• _Web page caption snippets_
· · · ·

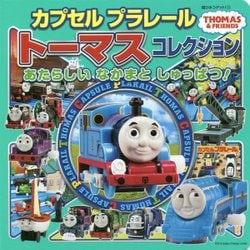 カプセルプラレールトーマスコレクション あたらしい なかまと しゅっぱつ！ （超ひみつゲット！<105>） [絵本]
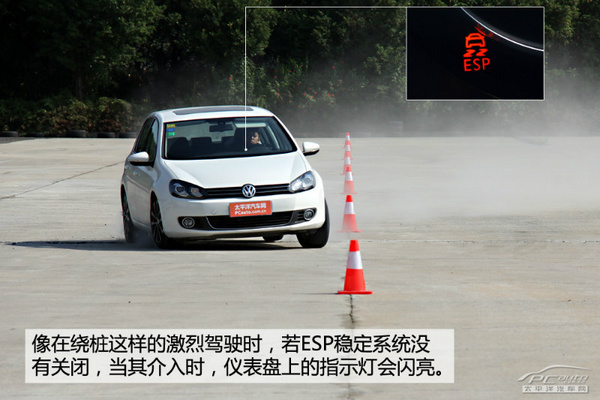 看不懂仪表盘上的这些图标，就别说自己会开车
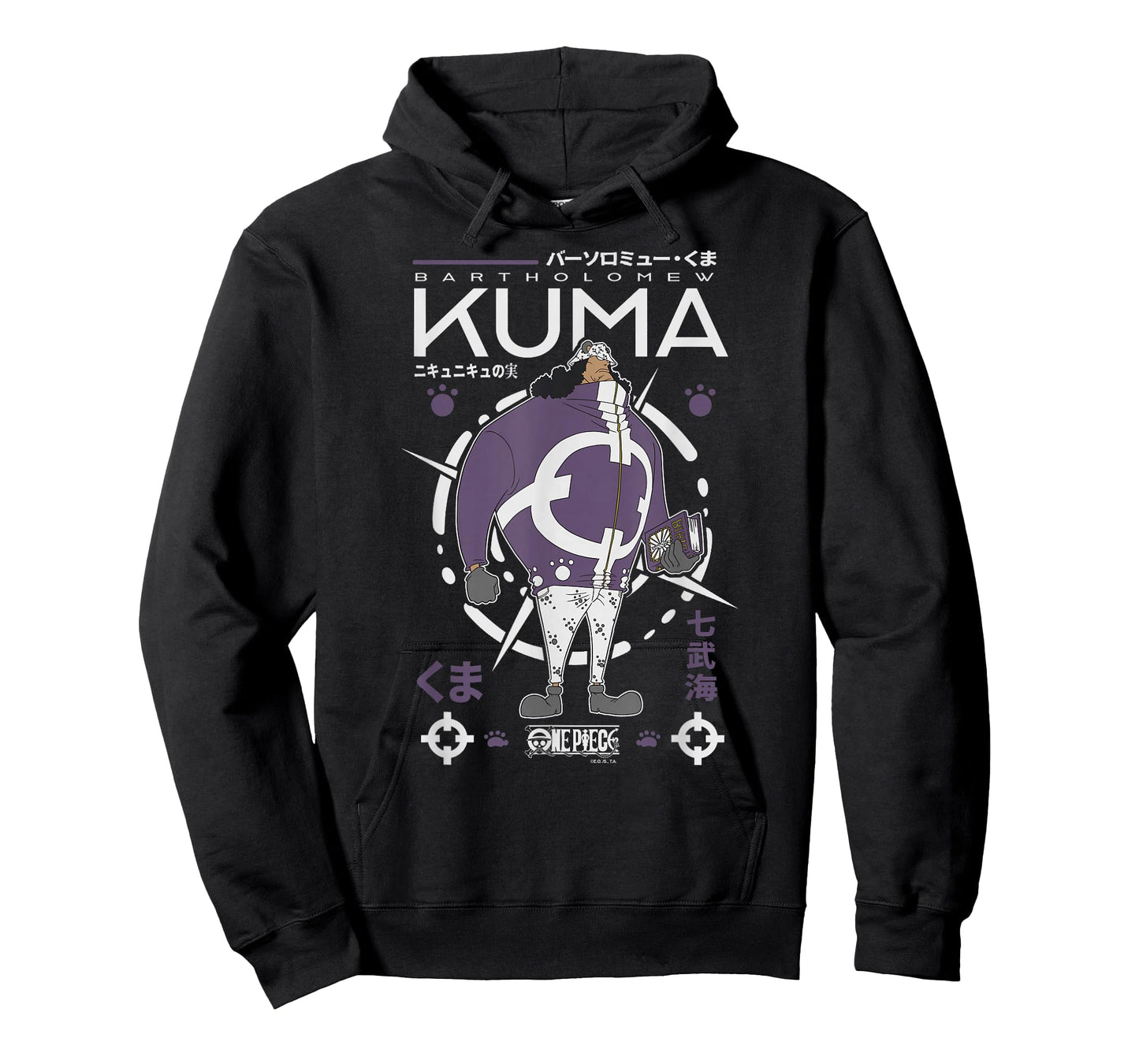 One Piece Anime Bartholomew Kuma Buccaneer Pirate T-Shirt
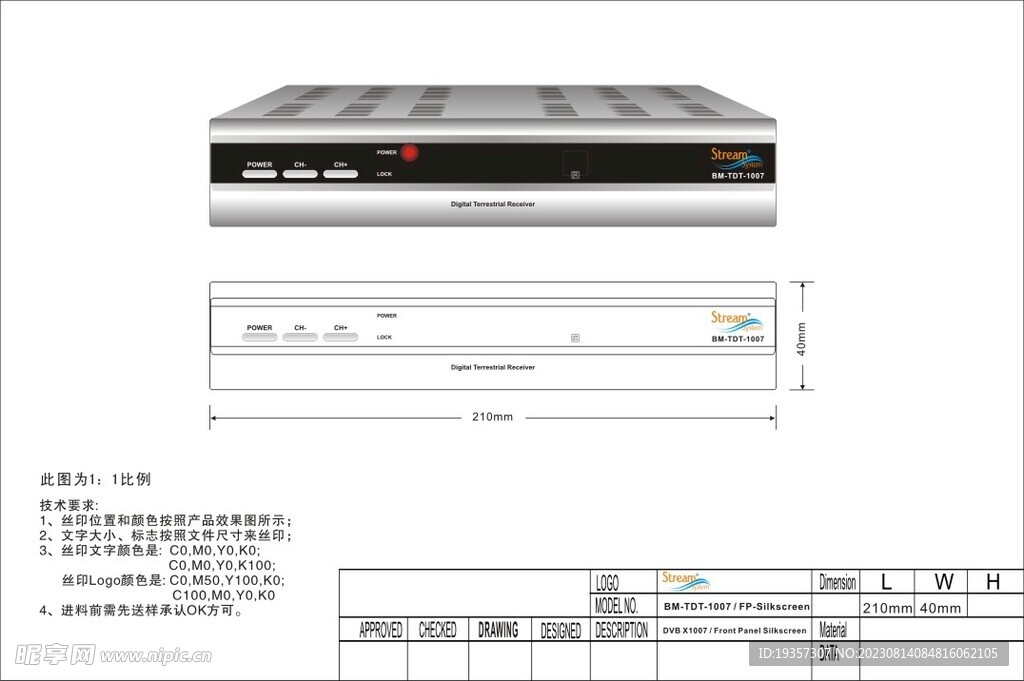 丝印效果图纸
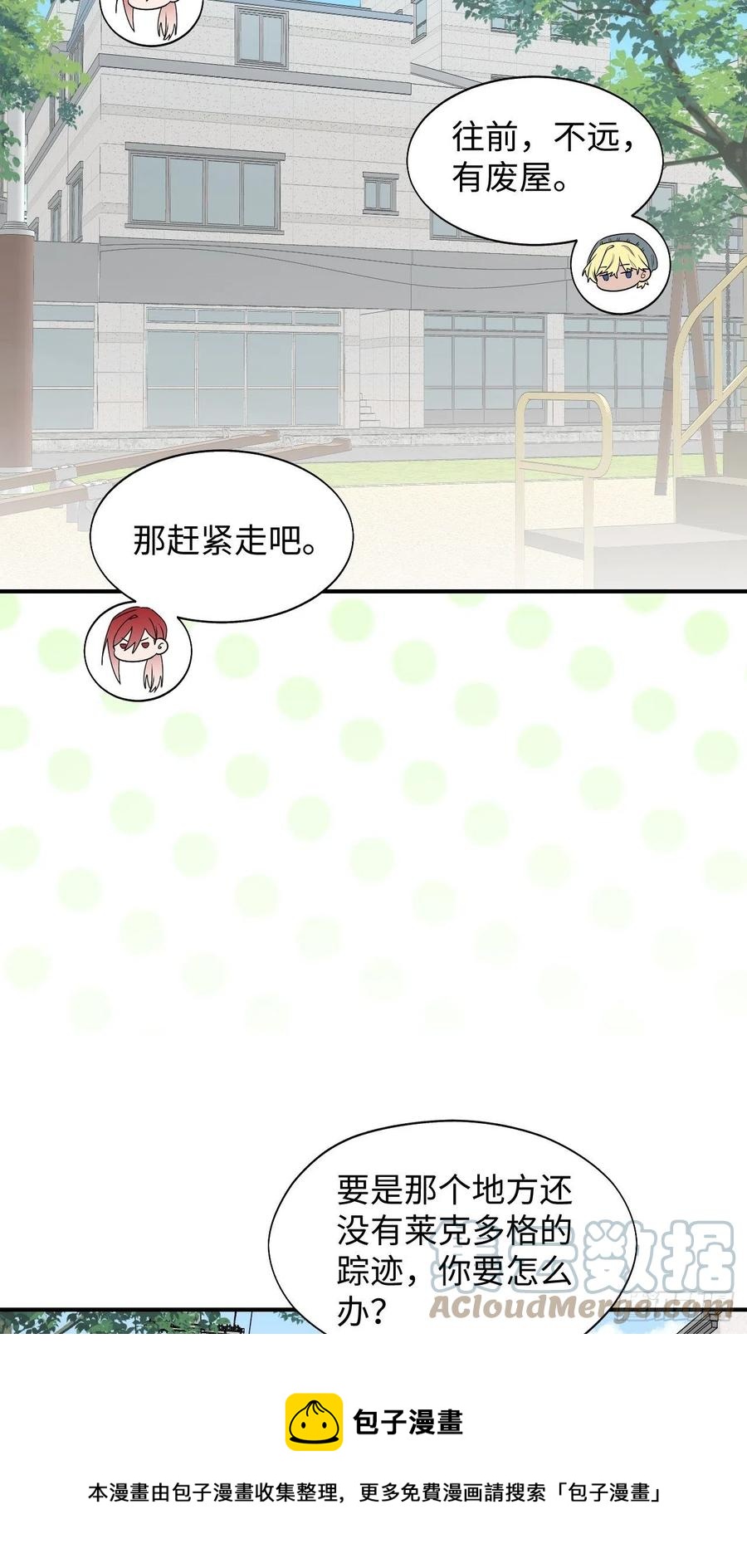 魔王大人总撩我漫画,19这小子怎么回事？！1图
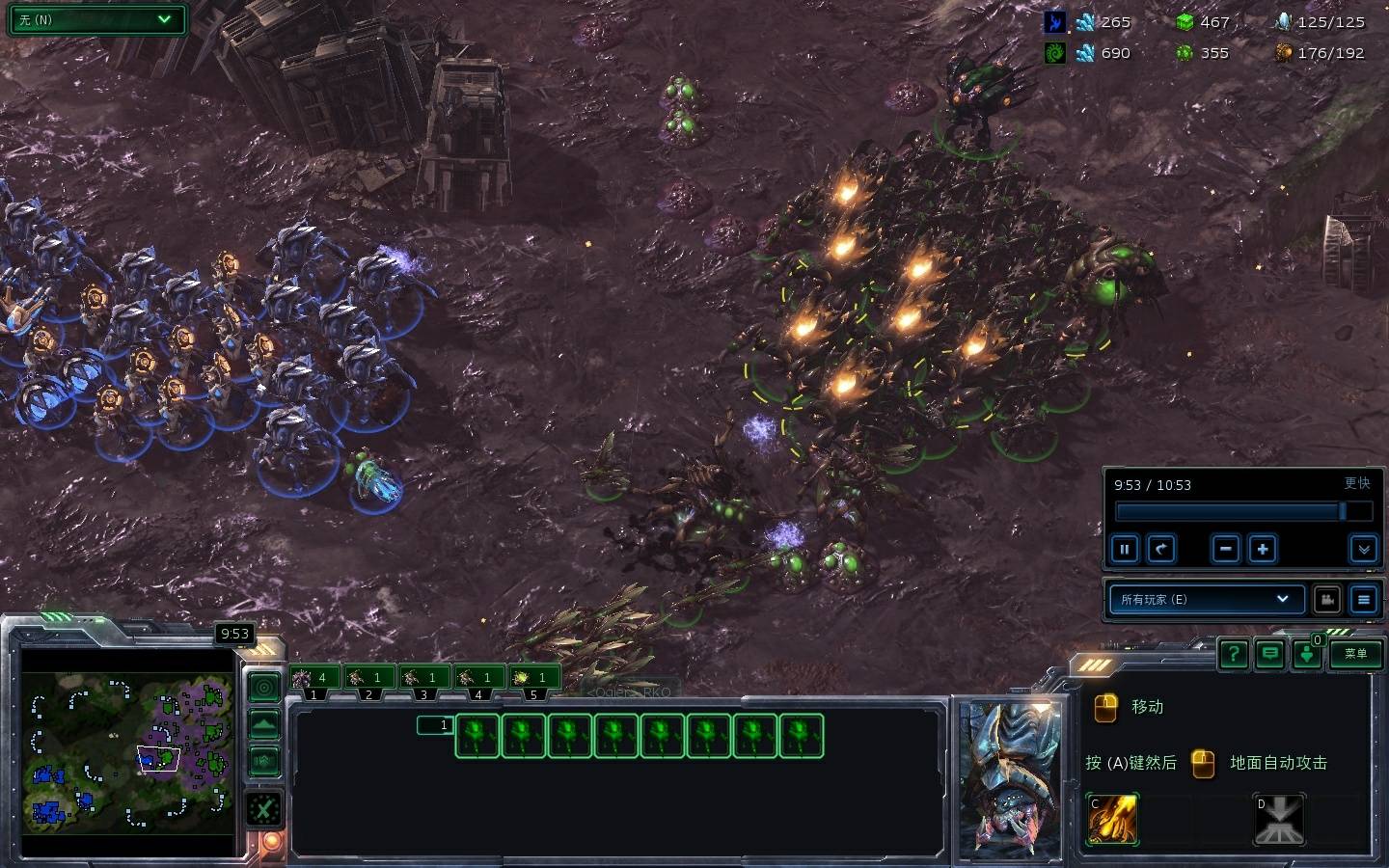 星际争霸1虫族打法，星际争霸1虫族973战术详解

· · · ·

• _To do_
Please copy exactly the lines from the one containing "魔王大人总撩我漫画,19这小子怎么回事？！1图" through the end of the records above, leaving out every picture.

• _Problem solution_
 魔王大人总撩我漫画,19这小子怎么回事？！1图
 星际争霸1虫族打法，星际争霸1虫族973战术详解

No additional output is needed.